No. 668.
Mr. Cox to Mr.
Bayard.
[Extract.]
Legation of
the United States,
Constantinople, October 10, 1885.
(Received October 26.)
No. 25.]
Sir: Upon April 9, 1885, General Wallace, in his
No. 491, reported the adverse decision of the Government of Turkey to the
claims for indemnity for the assault upon Rev. Drs. Knapp and Reynolds, and
Maurice Pflaum, M. D.
On the 17th August ultimo, in instruction No. 10, you advised me to pursue
the claims for pecuniary indemnity. Your letter was quite imperative. It was
what it ought to have been. The reply of the minister of foreign affairs you
summarized. You declined to accept his reply as either final or
satisfactory. Thereupon I made a study of the
[Page 869]
cases, reading up and noting all the points in each
from our imperfect records; and I wrote to the minister ad
interim the inclosed dispatch.
You observe that I have made your non-acceptance of the minister’s reply the
basis of the renewed application, copying proper parts of your instruction
for the reopening of the cases; only as yet the reopening.* * * I am now
awaiting the appearance and action of a new minister, Said Pasha, minister
at Berlin. He will come to the foreign affairs office here with a reputation
for sense and liberality, and for special knowledge and judgment in affairs
of this very nature. Therefore I do not press the matter overmuch as yet. In
this I have the concurrence of the Bible-house people and missionaries.
* * * * * * *
I have, &c.,
[Inclosure in No. 25.]
Mr. Cox to the
minister of foreign affairs ad
interim.
Legation of the United States,
Constantinople, September 28,
1885.
Excellency: The inclosure is an extract from
the letter of the Hon. T. F. Bayard, Secretary of State. It pertains to
a question which has been unduly vexed. A new administration has
supervened in my country; a new President has been elected; a new
cabinet have been installed; a new condition also obtains here; so that
we may reopen these matters without prejudice.
The tenets of religious freedom of our new order are not unlike those of
the great men of your race who have tolerated differences of faith.

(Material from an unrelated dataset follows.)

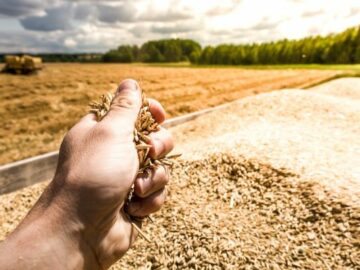 The Export of Ukrainian Grain in 2023/24 Exceeded 22 Million Tons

It was one of the sentiments which led me here, viz, that this land, so
often impugned, had been gracious toward religions of differing ceremony
and thought. I had read its history and believed in its ultimate and
liberal justice.
When, therefore, such a stringent letter came as this I inclose, which
looked to the embarrassment if not unhappiness of my service here, I had
either to blame my predecessor (which would have been discourteous) for
his lack of suavity, or to blame the Turkish Government for its
insensibility to an unredressed crime. There is no real remedy on the
proposition allowing us to sue your magistrates, because they have
prejudiced by their irregularity the cases referred to.

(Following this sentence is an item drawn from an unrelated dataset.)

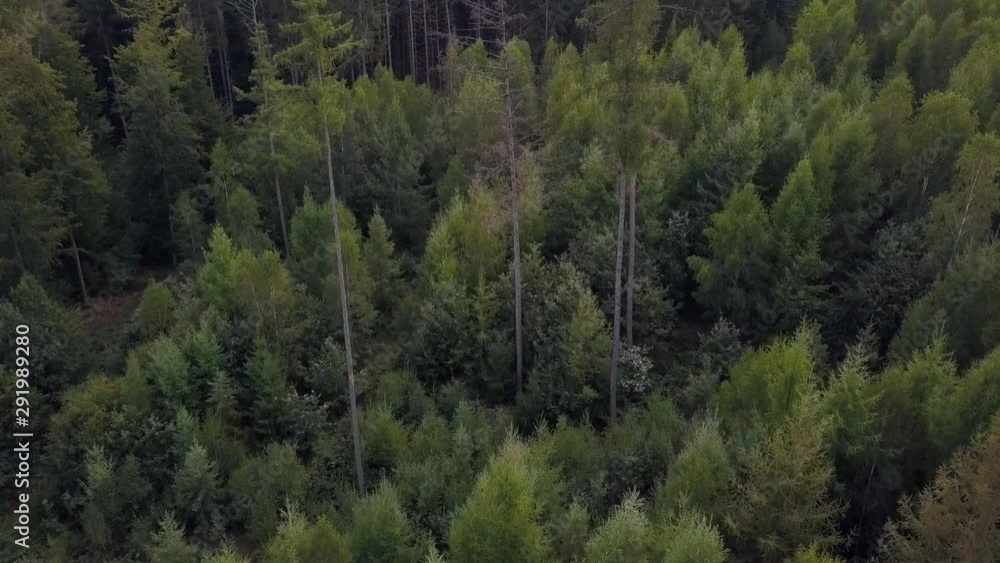 aerial view on a forest in Germany taken using a drone aerial view on a forest in Germany taken using a drone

The Secretary of State advises me that he will not accept this reply as
final or satisfactory.
The question, then, is, before we discuss the merits of the case will you
review the cases? If not, my duty is plain. It is only to report that
fact to my Government. I have avoided making this question for almost a
month, for I knew you were preoccupied with other troubles, in which you
have the sympathy of a great people, quite aloof from you in every way,
except in sympathy.
The answer to this dispatch will be simply regarding the reopening of the
cases referred to, with a view to pecuniary remedy.
I avail, &c.
P. S.—For full particulars of the above cases I refer to dispatch of
my predecessor No. 198, January 24, 1884, and other dispatches in
your archives. May I add the letter of Mr. Cole, which is a painful
commentary on this delay and denial of justice and reward of the
guilty by promotion in office? I earnestly entreat your attention to
this extraordinary state of affairs. Evidenced by the inclosures:
Extract and translation from instruction No. 10 of Hon. T. F.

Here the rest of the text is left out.